Bütünleyici parçanın (muhdesat) arzın paydaşlarına değil de üçüncü şahsa ait olduğunun anlaşılması halinde bu kimseyi muhdesat sahibi olarak davaya dahil etmek ve ona satış bedelinden pay vermek mümkün değildir.
Somut olaya gelince; bozma ilamında açıkça belirtildiği halde yine satış bedelinin ne şekilde paylaştırılacağı hüküm sonucunda açıklığa kavuşturulmadan bilirkişi raporuna atıf yapılmakla yetinilerek hüküm kurulması doğru olmadığı gibi bilirkişi tevzii tablosunda taşınmaz hissedarlığından çıkan G.. T..’ye de pay verildiği görülmektedir.

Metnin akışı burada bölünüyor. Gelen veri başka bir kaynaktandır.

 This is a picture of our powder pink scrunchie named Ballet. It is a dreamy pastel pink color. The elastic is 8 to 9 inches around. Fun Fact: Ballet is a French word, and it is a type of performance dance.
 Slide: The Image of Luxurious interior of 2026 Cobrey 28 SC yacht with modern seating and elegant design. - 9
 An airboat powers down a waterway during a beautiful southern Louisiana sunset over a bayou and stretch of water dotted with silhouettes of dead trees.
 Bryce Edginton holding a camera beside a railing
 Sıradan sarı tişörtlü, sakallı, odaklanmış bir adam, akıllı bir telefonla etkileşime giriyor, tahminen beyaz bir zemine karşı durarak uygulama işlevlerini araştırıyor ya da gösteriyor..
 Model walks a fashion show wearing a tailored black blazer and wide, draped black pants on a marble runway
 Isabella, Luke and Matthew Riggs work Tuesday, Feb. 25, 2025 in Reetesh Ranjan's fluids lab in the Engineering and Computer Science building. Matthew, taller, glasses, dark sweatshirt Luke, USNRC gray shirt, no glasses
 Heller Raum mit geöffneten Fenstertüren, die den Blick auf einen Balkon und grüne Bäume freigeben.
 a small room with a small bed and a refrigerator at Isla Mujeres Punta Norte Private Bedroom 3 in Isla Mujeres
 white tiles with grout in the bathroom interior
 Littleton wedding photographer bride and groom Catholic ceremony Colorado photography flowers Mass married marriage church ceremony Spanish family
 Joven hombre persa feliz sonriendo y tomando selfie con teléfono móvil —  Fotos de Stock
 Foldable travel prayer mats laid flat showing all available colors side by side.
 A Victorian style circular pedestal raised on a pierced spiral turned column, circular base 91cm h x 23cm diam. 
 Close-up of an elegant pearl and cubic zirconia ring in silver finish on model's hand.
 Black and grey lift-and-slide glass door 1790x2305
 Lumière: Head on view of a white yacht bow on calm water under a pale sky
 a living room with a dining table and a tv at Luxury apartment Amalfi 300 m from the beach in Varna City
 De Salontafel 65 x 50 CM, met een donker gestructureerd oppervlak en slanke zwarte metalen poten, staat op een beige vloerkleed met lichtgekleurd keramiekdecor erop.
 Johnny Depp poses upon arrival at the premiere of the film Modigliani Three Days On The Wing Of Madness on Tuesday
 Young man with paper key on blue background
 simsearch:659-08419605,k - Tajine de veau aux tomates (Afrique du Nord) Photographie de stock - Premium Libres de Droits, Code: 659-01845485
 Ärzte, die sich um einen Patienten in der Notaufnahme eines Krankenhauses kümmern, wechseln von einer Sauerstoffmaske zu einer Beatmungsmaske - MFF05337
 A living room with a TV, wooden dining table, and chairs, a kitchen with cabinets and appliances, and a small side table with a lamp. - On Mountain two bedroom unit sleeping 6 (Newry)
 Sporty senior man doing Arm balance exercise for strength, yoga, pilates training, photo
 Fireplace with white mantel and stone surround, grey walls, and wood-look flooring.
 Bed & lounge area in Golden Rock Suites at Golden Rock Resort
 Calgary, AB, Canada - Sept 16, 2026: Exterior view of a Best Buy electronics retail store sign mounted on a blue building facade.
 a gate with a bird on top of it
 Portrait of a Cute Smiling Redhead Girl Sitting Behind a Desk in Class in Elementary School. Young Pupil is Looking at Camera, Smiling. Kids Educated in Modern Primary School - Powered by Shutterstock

Ayrıca, karardan sonra dosyaya giren taşınmazın son tapu kaydına göre karar öncesinde 27.12.2012 ve 27.08.2013 tarihlerinde pay satın almak suretiyle yeni hissedarlardan olduğu anlaşılan M.. K.. ile O.. D..’in HMK’nın 27. maddesine aykırı şekilde usulünce davaya katılımı sağlanmadan gerekçeli kararın yazımı sırasında karar başlığında davalı olarak gösterilip gerekçeli karar tebliğ edildiği görülmekte ise de, bu kişilerin tevzii tablosunda yer almaması nedeniyle infazda tereddüt oluşturacak şekilde hüküm tesisi doğru görülmemiştir.
Diğer taraftan, 492 sayılı Harçlar Kanunu ve eki Tarifenin karar ve ilam harcına ilişkin hükmü uyarınca karar tarihi itibariyle gayrimenkulün satış bedeli üzerinden alınacak harcın binde 11,38 (% 011,38) olması gerekirken, hüküm sonucunda % 11,38 (yüzde 11,38) olarak gösterilmesi de doğru olmamış, hükmün açıklanan nedenlerle bozulması gerekmiştir.
SONUÇ: Yukarıda açıklanan nedenlerle davalı M.. T.. vekilinin temyiz itirazının kabulü ile hükmün BOZULMASINA, peşin yatırılan temyiz harcının istek halinde yatırana iadesine, 11.03.2014 tarihinde oybirliği ile karar verildi.